|
CHEN CHIEH-JEN::::
born 1960, Taoyuan, Taiwan
Works in Taipei
The condition of humanity has been the very center of this Taiwan-based artist’s concerns. After producing powerful photography and video works that revisit, through a Buddhist perspective, the historic chinese torture images made famous by Georges Bataille, he has shifted his focus to the contemporary condition of humanity that is manifested by the “restructuring” of the industrial world, especially in developing countries as prompted by current globalization. He has developed a highly personal yet distant, often black and white language of both photography and video to testify to and denounce the dramatic impact of this process on the working class. After his now well-known film Factory (2003), he continues to develop his filmic vocabulary with new works to be shown in phase 2 of World Factory.

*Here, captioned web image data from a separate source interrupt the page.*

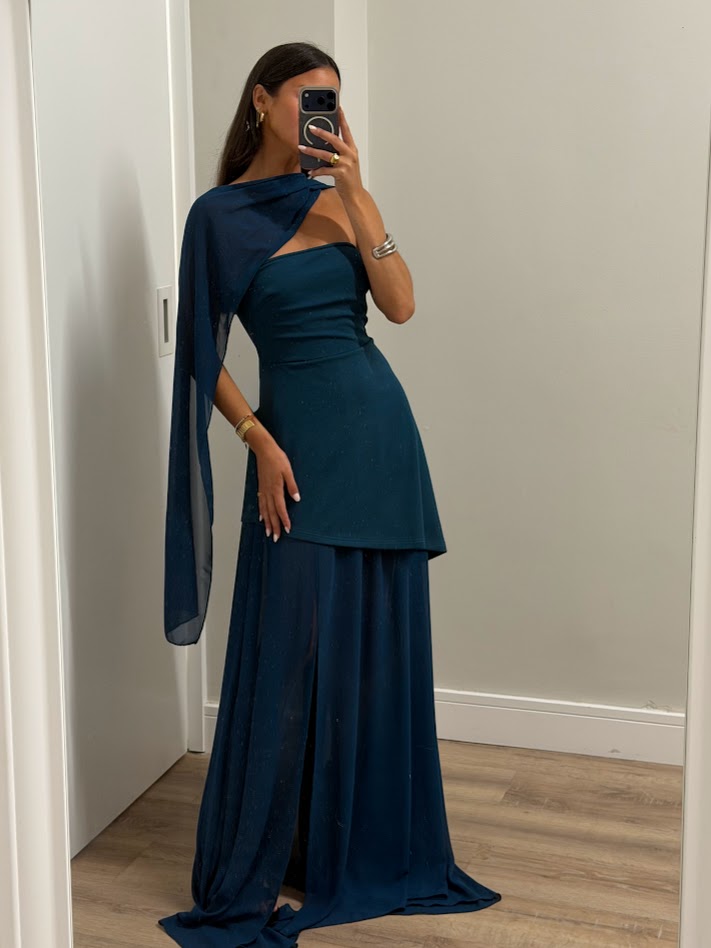 Vestido Aurora azul petróleo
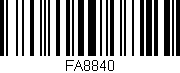 Código de barras (EAN, GTIN, SKU, ISBN): 'FA8840'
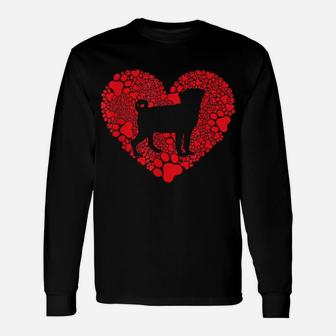 Pug Paw Heart Valentines Day Dog Lover Gift Unisex Long Sleeve | Crazezy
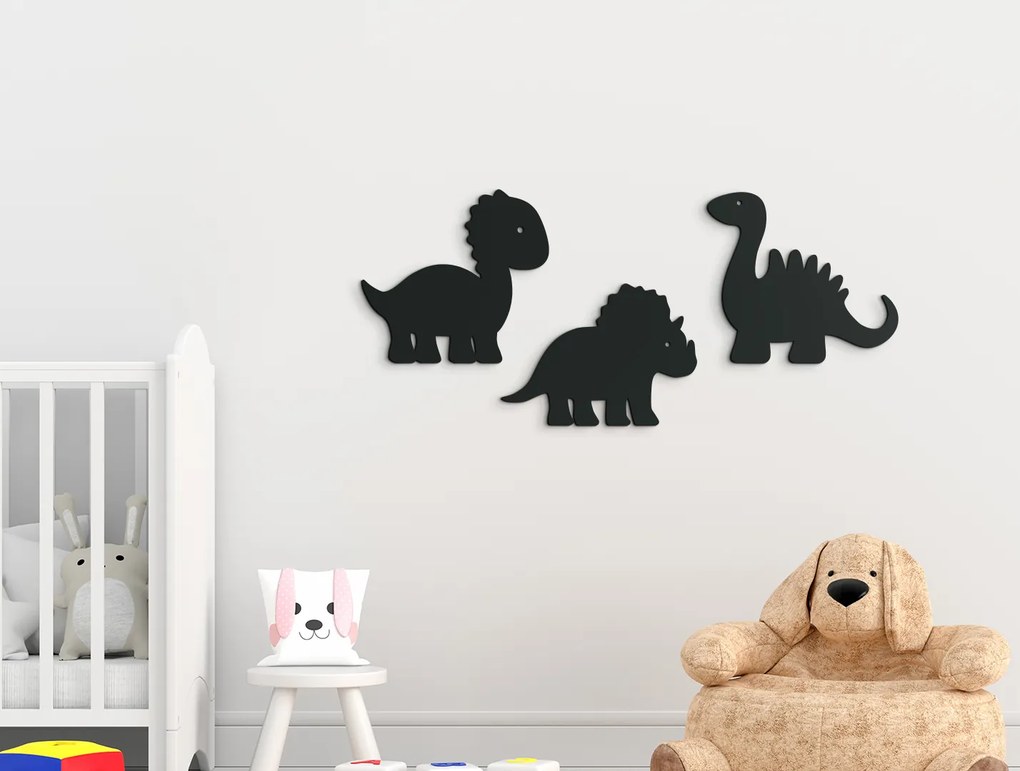 drevko Nálepka do detskej izby Dinosauríky Rozmer obrazu: 28,5 x 65 cm, Farba dekorácie: Čierna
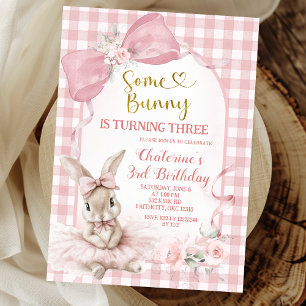 Gingham Blush Pink Floral Bow Bunny Ballerina Invitation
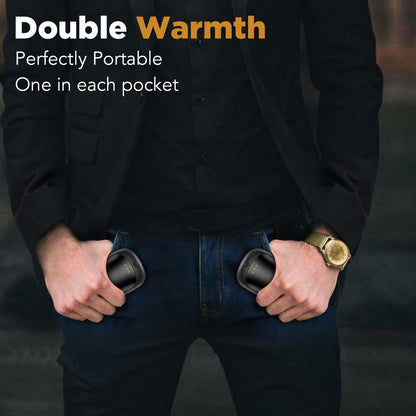 2 Pack Hand Warmers Rechargeable, Portable Electric Hand Warmers Reusable, USB Handwarmers, Outdoor/Indoor/Warm Gifts for Men Women Kids (Black&Black*2)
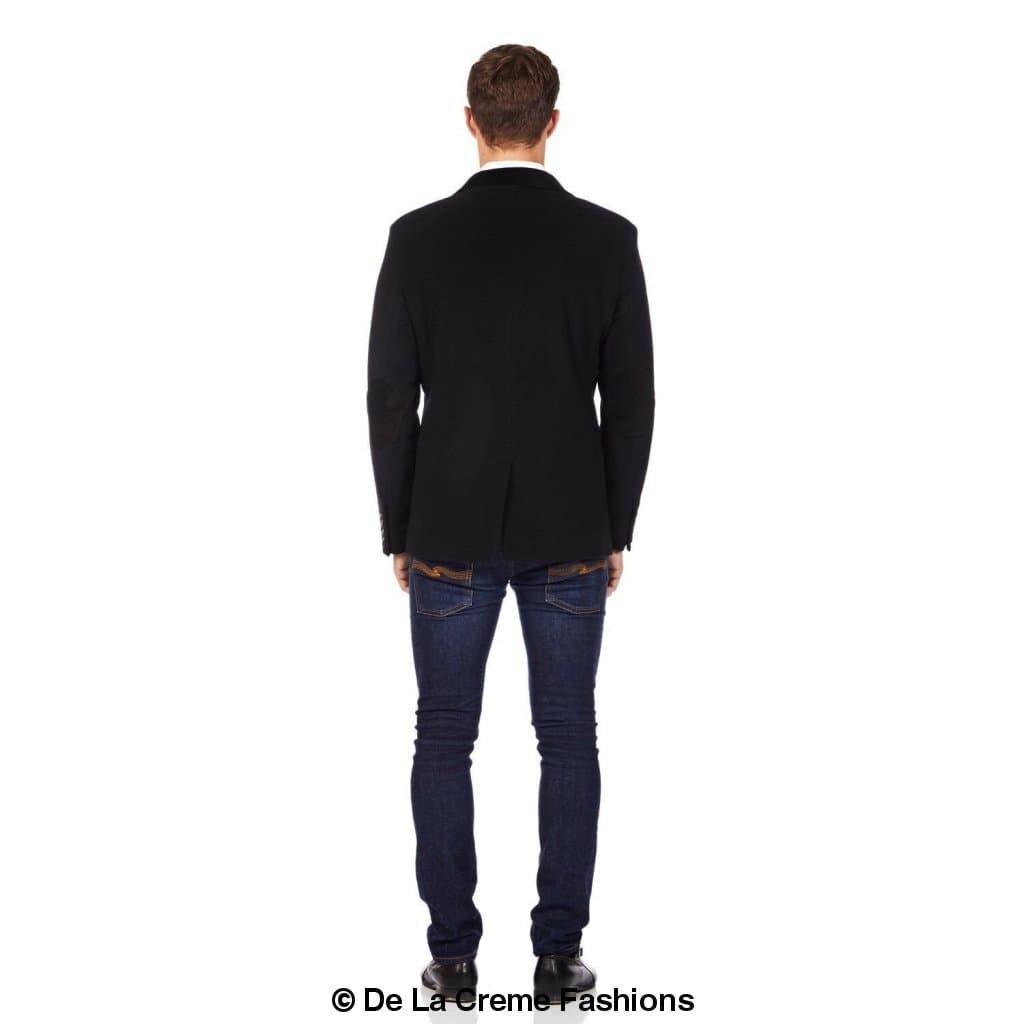 De La Creme MAN - Wool Blend Velvet Trim Formal/Casual Blazer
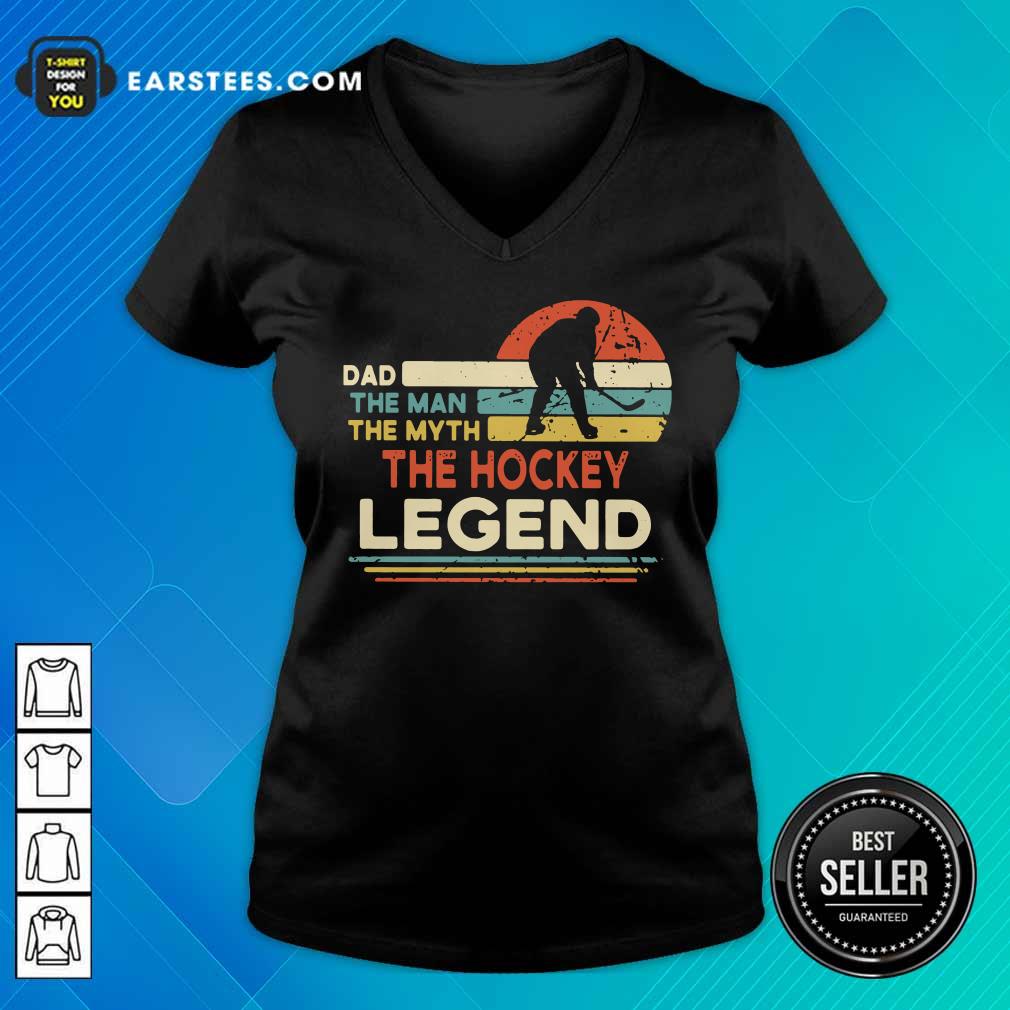 Golf Dad The Man The Myth The Hockey Legend Vintage Shirt - Image 5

In Bade Area he invites unemployed workers, as a temporary reoccupation of their working space, to penetrate those areas of a bankrupt factory, entrance to which had been deemed “illegal” by a court ruling. In The Route, which was originally produced for the 2006 Liverpool Biennial, the artist has re-created the spectacular and emotional scenes of dock-workers movements in both liverpool and Taiwan in the 90s. What is powerfully demonstrated in the dock-worker protests against the privatization of the harbors is not only the collective action of the strike, but also the newfound international sympathy and collaboration that developed as a part of the anti-/alter-globalization trend: a new international route of common struggle is now being constructed.